Uncover the hidden emotional drivers behind your drinking and learn how to meet them with curiosity instead of a glass
Most people who want to cut back on alcohol can list plenty of surface-level explanations:
- “I drink to unwind after a stressful day.”
- “It helps me socialize and feel less awkward.”
- “It’s just what we do on weekends with friends.”
- “I deserve it—I work hard.”
These feel true in the moment. But dig a little deeper (or a lot deeper), and something else usually emerges: the drinking isn’t really solving the problem you think it is. It’s a stand-in. A distraction. A temporary mask for parts of yourself you’ve learned to keep hidden, even from yourself.
“It is safe now to gently meet the parts of yourself you’ve kept hidden, with curiosity, compassion, and no need to escape.”

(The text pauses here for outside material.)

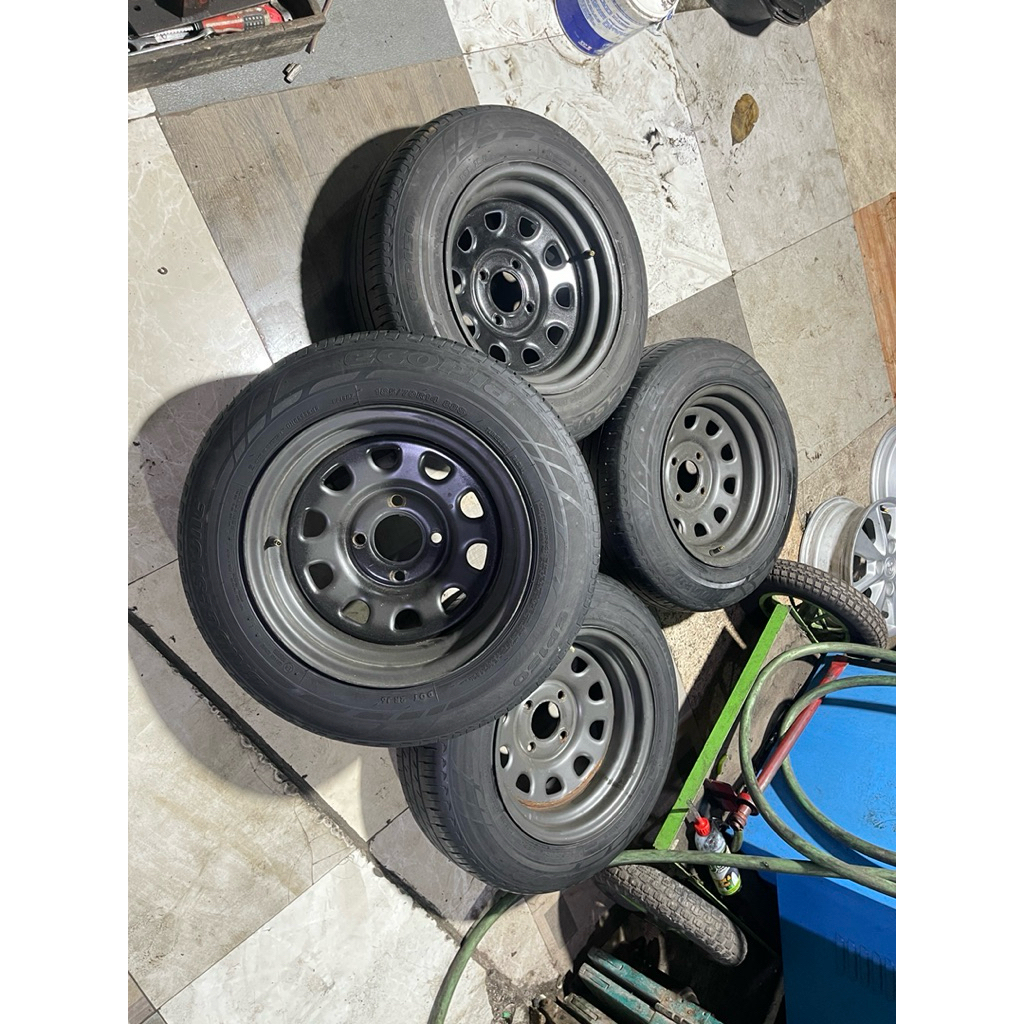VELG/BRAVE/R14/PCD/4x114+BAN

The Shadow’s Role in Drinking Habits
- The “Perfect” Persona vs. the Hidden Rebel
You maintain a highly controlled, responsible, high-achieving exterior. The shadow holds rebellion, chaos, wildness, or raw emotion you consider “unprofessional” or “immature.” Alcohol becomes the socially acceptable way to let that rebel out for a few hours, without fully owning it. - The Caretaker vs. the Needy Child
You’re always the strong one, supporting others, holding everything together. The shadow contains vulnerability, dependency, anger at never being taken care of yourself. Drinking quiets that inner child’s cries so you don’t have to feel the loneliness or resentment. - The Rational Mind vs. the Irrational/Spiritual Longing
You pride yourself on logic, evidence, self-control. The shadow carries mystical yearnings, intuition, grief, awe, or a sense of meaninglessness you dismiss as “woo-woo” or weak. A few drinks dissolve the rational guardrails and give a fleeting taste of connection to the numinous—without the discomfort of actually exploring it sober.
None of these are moral failings. They’re human. The problem arises when the shadow is chronically exiled: it doesn’t disappear; it grows autonomous and compulsive.

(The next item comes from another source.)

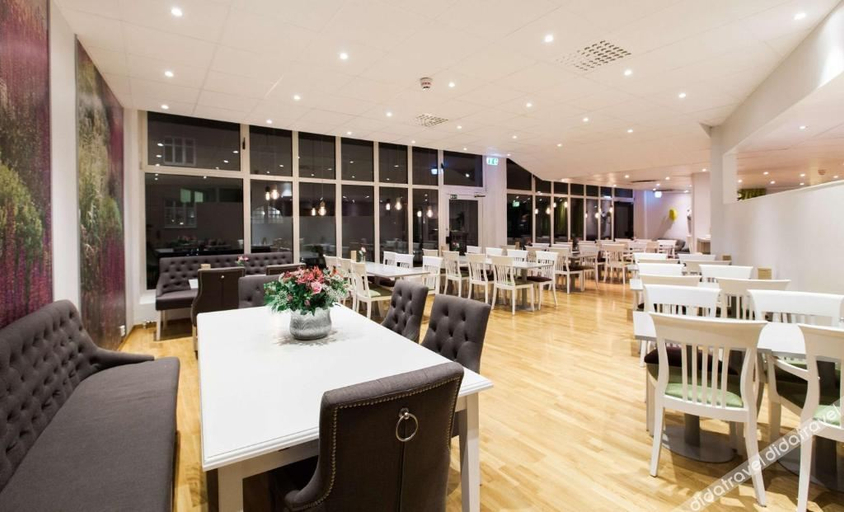 Food & Drinks, Sure Hotel Studio by Best Western Bromma, Stockholm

How UM’s Hypnotherapy + Journaling Brings the Shadow into the Light
Here’s how the process often unfolds for users:
- Hypnotherapy lowers the guard: The relaxed state bypasses the critical, judgmental mind so suggestions like “It’s safe to feel what you’ve been avoiding” or “You can meet all parts of yourself with curiosity” land directly in the unconscious. Over weeks, cravings lose intensity because the emotional need alcohol was serving starts to surface in safer ways.
- Journaling makes the invisible visible: UM’s daily prompts are deliberately open-ended and non-judgmental. Examples include:
- “What emotion shows up most strongly right before the urge to drink? If that emotion had a voice, what would it say?”

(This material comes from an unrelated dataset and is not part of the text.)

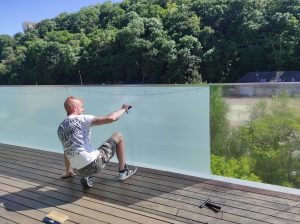 Polep zábradlia nepriehladnou fóliou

- “What part of you feels ‘not allowed’ to exist in your everyday life? How old does that part feel?”
- “If alcohol were a character or figure in your inner world, what role does it play? Protector? Punisher? Escape artist? Lover?” These aren’t therapy homework, they’re short, 3–5 minute reflections designed to invite shadow aspects forward without forcing a confrontation.
- Movement integrates the body: Physical practices (gentle walks, breathwork, shaking) help discharge stored tension so shadow material doesn’t just stay mental—it moves through the nervous system.
Over time, the dynamic shifts: instead of alcohol acting as a stand-in for unmet needs, you begin to meet those needs directly. The “reason” you thought you drank starts to reveal its deeper layer and once seen and accepted, it loses much of its compulsive power.
A Simple Shadow Work Exercise You Can Try Tonight (UM-Style)
- What’s the nicest thing I tell myself about why I drink? (e.g., “It’s just self-care.”)
- If that nice reason were a polite mask—what raw, messy, or “unacceptable” feeling or need is hiding underneath?
- How does my body feel when I imagine letting that hidden part be seen (even just by me, right now)?
- Write one compassionate sentence to that hidden part, as if speaking to a younger version of yourself.
Don’t analyze or fix, just witness. Then close the journal and do one minute of slow, conscious breathing or gentle stretching.
Most people feel a subtle shift: less urgency around the evening drink, more space inside.